According to Bouchet, the proposed increase will raise the salary of the average minimum wage earner by $1,500 a year, allowing him or her to purchase 11 months of home heating utilities or nine months of groceries.
But James Sherk, a policy analyst at the Heritage Foundation, a conservative think tank also in Washington, said that in some respects society is ill-served by increasing the minimum wage, as it provides incentive for at-risk high schoolers to abandon their education and enter the workforce.
Donald R. Deere, a research fellow at Texas A&M and senior consultant at Welch Consulting in Bryan, Texas who has written and researched extensively on the issue, also sees negative economic impact.
Deere's research has led him to conclude that teenage unemployment has consistently increased when the minimum wage goes up. He further asserts that increasing the minimum wage actually harms lower wage earners by shrinking the amount of jobs available to them.
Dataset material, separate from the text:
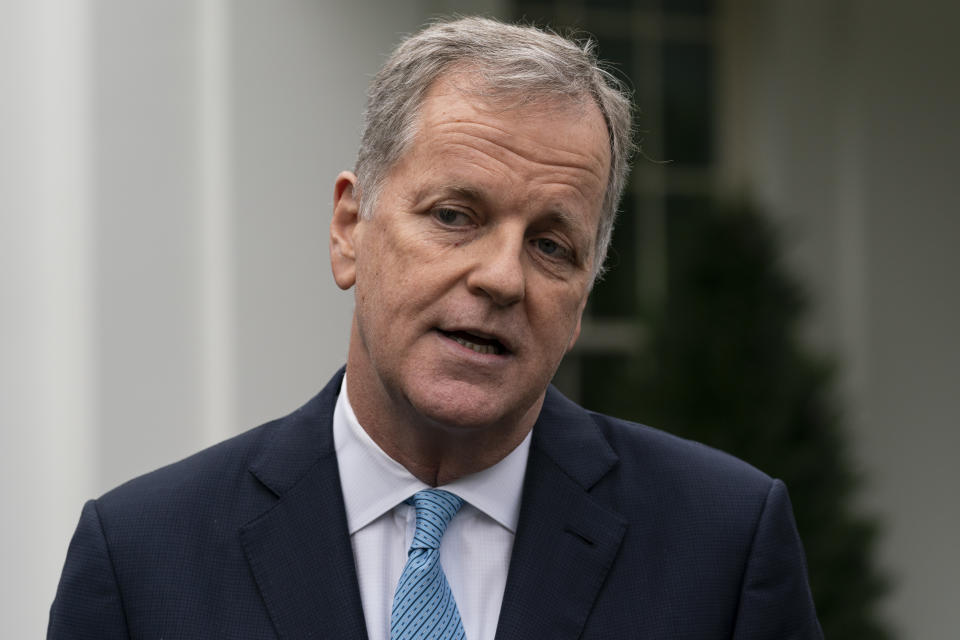 FILE - Doug Parker, CEO of American Airlines, speaks with reporters after a meeting with White House Chief of Staff Mark Meadows at the White House, Thursday, Sept. 17, 2020, in Washington. American Airlines CEO Doug Parker will retire next March and be replaced by the airline's current president, Robert Isom. American said Tuesday, Dec. 7, 2021, that Parker will remain chairman. (AP Photo/Alex Brandon, File)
In the 1990 and 1991 increases, for instance, unemployment for teenagers and poorly educated adults climbed from 3 to 11 percent, Deere wrote in a policy paper prepared for the National Center for Policy Analysis.
"It is not that there are too many low-wage jobs, but that there are not enough jobs for low-wage workers, and minimum wages make things worse," Deere said.
The AFL-CIO has entered the fray as well, even though most of its members are not directly affected by minimum wage changes. Bill Samuel, director of the union's department of legislation, acknowledged that workers who earn, say, $10 an hour might argue that they deserve a proportionate increase as the minimum wage rises.
But he said that's not the prinicipal reason the union conglomerate backs the minimum wage increase.
"We think the minimum wage needs to be raised to a living wage ... which would be well over $8," he said. "What's really the appropriate level of the living wage for people working 40 hours a week?"